Your instructions: Somewhere below are a line with "A Waring stainless" and a later line with "Child has ice". Output exactly those lines and all lines between them.

::: The data :::

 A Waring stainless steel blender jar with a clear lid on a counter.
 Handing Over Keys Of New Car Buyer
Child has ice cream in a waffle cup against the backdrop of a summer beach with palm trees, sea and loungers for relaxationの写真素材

:::
::: The data :::

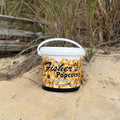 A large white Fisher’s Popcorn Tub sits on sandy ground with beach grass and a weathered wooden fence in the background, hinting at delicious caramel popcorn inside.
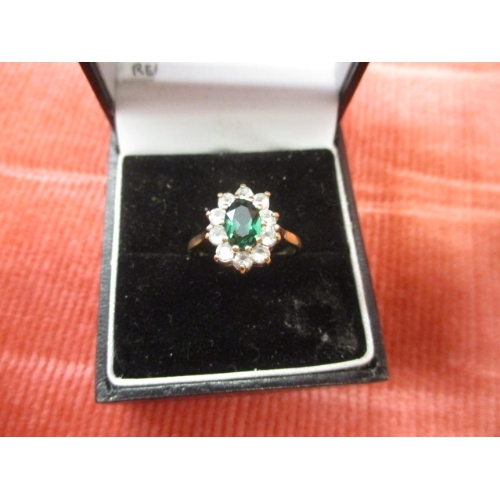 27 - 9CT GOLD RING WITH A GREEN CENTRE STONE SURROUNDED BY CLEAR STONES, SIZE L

:::

Expected answer:
 A Waring stainless steel blender jar with a clear lid on a counter.
 Handing Over Keys Of New Car Buyer
Child has ice cream in a waffle cup against the backdrop of a summer beach with palm trees, sea and loungers for relaxationの写真素材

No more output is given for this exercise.